Black Bean and Steak Chili
2 - 6 ounce steaks, grilled and diced
2 sandwich bags of frozen roasted tomato puree - or 2 cans of tomatoes, 1 chopped red or green pepper, and 1 chopped onion
2 cans black beans, or 3 cups cooked black beans
2 T chili powder
1 T paprika
1 t salt
dash cayenne
Add tomatoes, pepper and onions to large pot and simmer until tender. Then add everything except the beans. If you are using the roasted tomato puree, add everything except beans to the pot. Let it simmer for 30 minutes on medium heat. Add beans and continue to simmer long enough to heat them thoroughly. Add water to desired thickness.

Monday, December 1, 2008

Turkey Noodle Soup

What do you do with the leftover turkey? Make soup, of course!

Sometimes noodle recipes call for salt, but I don't like to knead noodle dough with salt because it cuts into my hands. Salt the water instead. Also, the standard is to use 1 egg for each person, but I think that is too much. 1/2 egg is more like it. It really isn't an exact science - you can have wildly different ratios of eggs to flour and they will still be perfect.


The noodle sheet should be smooth and elastic - but it doesn't have to be perfectly square.

When the noodles come out, just put them on a dowel and let 'em hang while you finish the rest of the noodles.

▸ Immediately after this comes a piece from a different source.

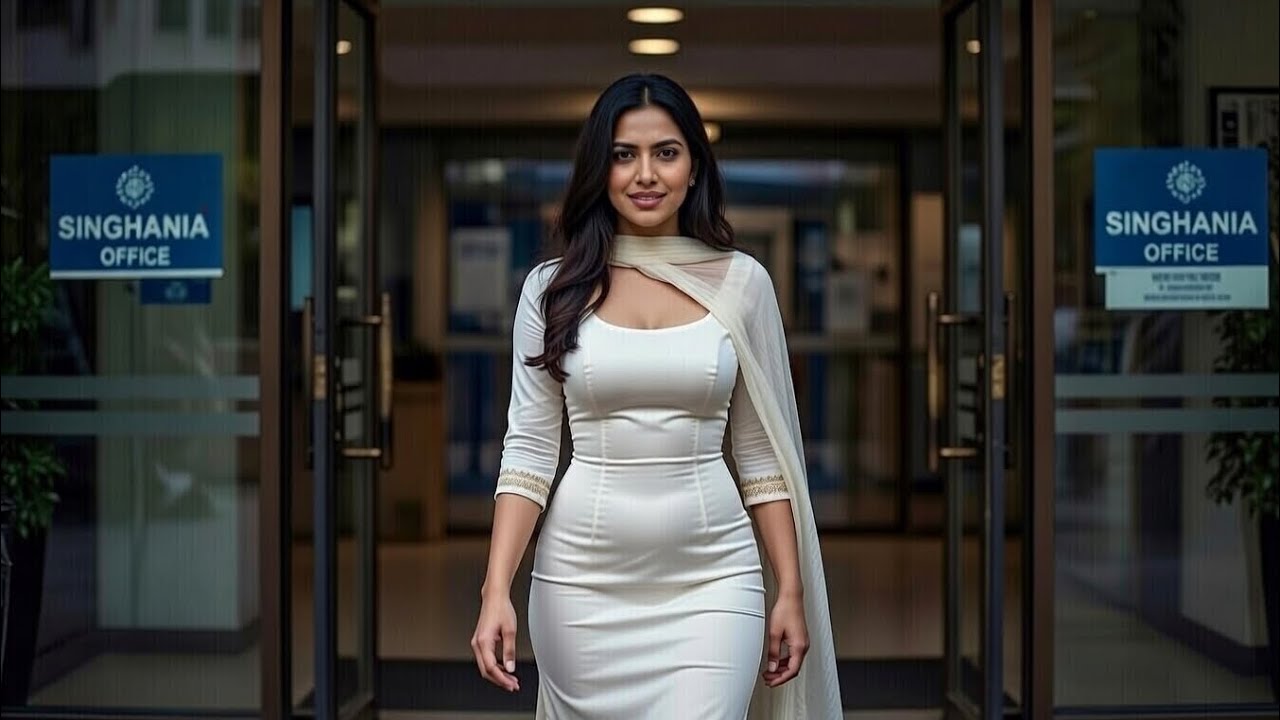 नौकरी के लिए इंटरव्यू देने आयी लड़की से करोड़पति ने कहा मुझसे शादी कर लो फिर जो हुआ .....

Here they are - hanging around and waiting for you to use them. The best thing about fresh noodles is how tender and fluffy they are.

Turkey Noodle Soup
2 carrots, diced
3 stalks celery, diced
3 T food storage onions
1-2 C turkey
2 T chicken broth
sea salt
noodles made from 2 eggs
Cover the turkey carcass in water and boil a couple of hours. Strain and put everything except the noodles into the turkey water and cook on low. Make the noodles while the veges cook. Turn up the heat and let it come to a boil right before you finish the noodles. Add the noodles and boil 3-5 minutes until they are tender.
Noodles
2 eggs
2 T water
2-3 C whole wheat pastry flour, whole wheat flour, or all purpose flour

Beat the eggs lightly with the water and mix with 1-2 cups of flour. Knead lightly, adding more flour until it creates a firm ball. Press it into a flat disk and run it through the noodle maker. Keep folding the noodle sheet and running it through, creating thinner sheets until it is smooth and elastic and fairly thin. I usually stop at setting #4. Then run it through the fat noodle cutter. If you don't have a noodle maker, come to my house and make them, or roll out the dough and cut it into 1/4 inch strips with a butter knife.